_To do_: Word for word, copy the listing below and leave out its images.

_Data excerpt_:
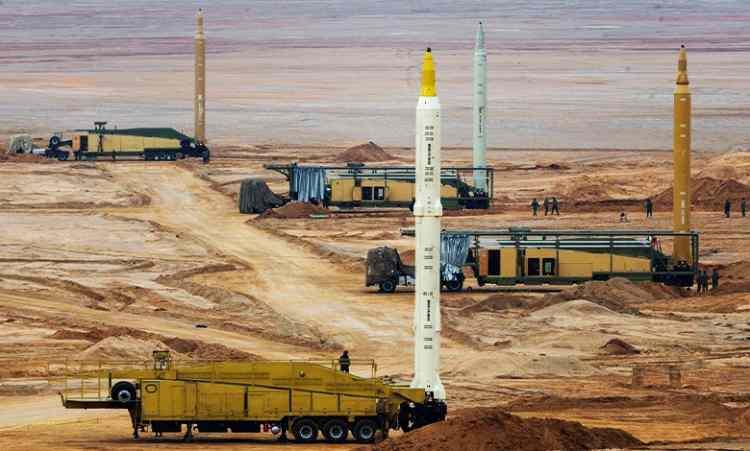 <p>İran Devrim Muhafızları, İsrail&rsquo;e y&ouml;nelik saldırıların 54. dalgasında ilk kez katı yakıtlı Sejjil balistik f&uuml;zelerinin kullanıldığını a&ccedil;ıkladı.<br />
<br />
Tahran, saldırıların İsrail&rsquo;in askeri karar alma mekanizmalarıyla savunma sanayii altyapısını hedef aldığını a&ccedil;ıkladı.</p>
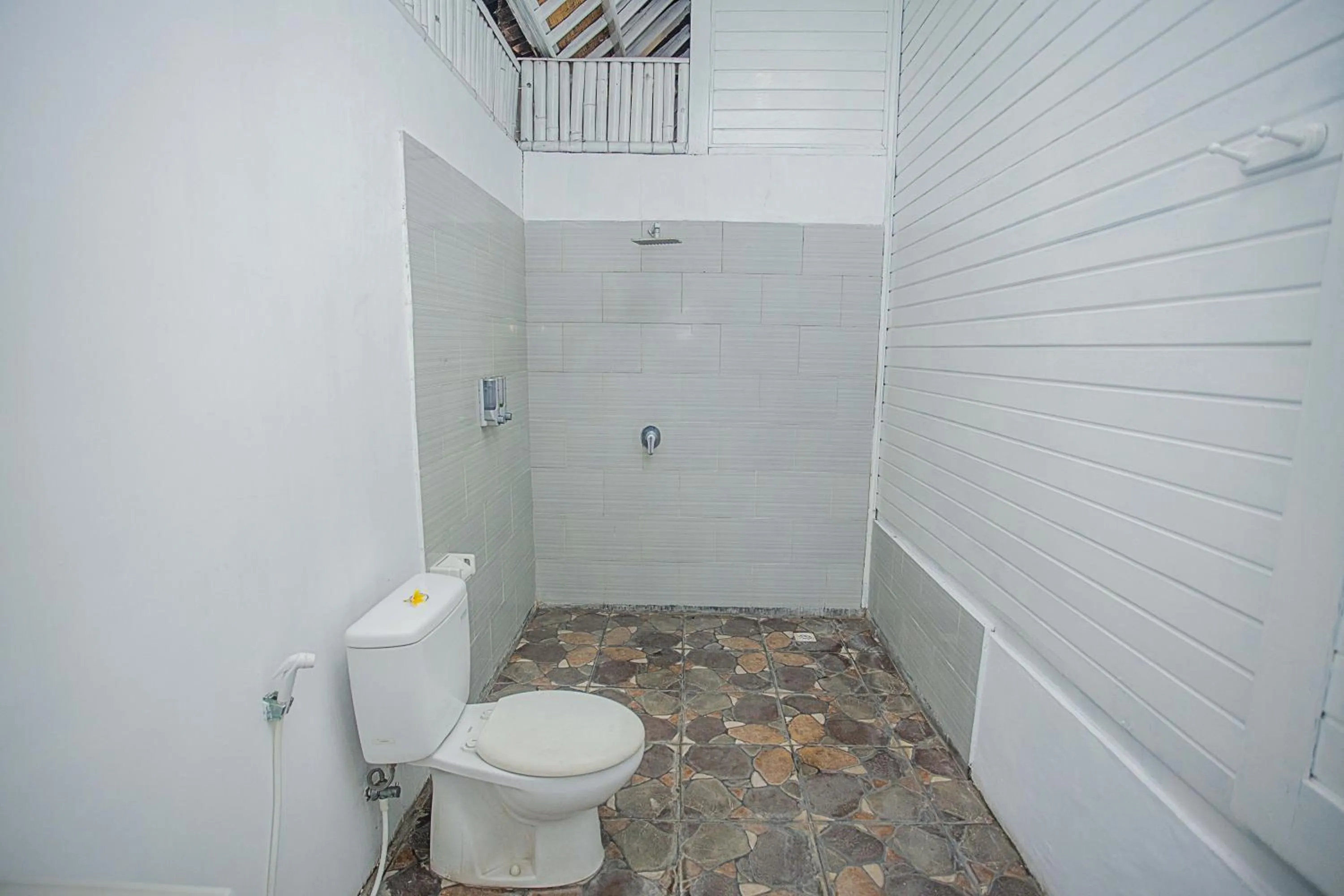 Toilet in Grand Sea View Lembongan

_Your response_:
 <p>İran Devrim Muhafızları, İsrail&rsquo;e y&ouml;nelik saldırıların 54. dalgasında ilk kez katı yakıtlı Sejjil balistik f&uuml;zelerinin kullanıldığını a&ccedil;ıkladı.<br />
<br />
Tahran, saldırıların İsrail&rsquo;in askeri karar alma mekanizmalarıyla savunma sanayii altyapısını hedef aldığını a&ccedil;ıkladı.</p>
 Toilet in Grand Sea View Lembongan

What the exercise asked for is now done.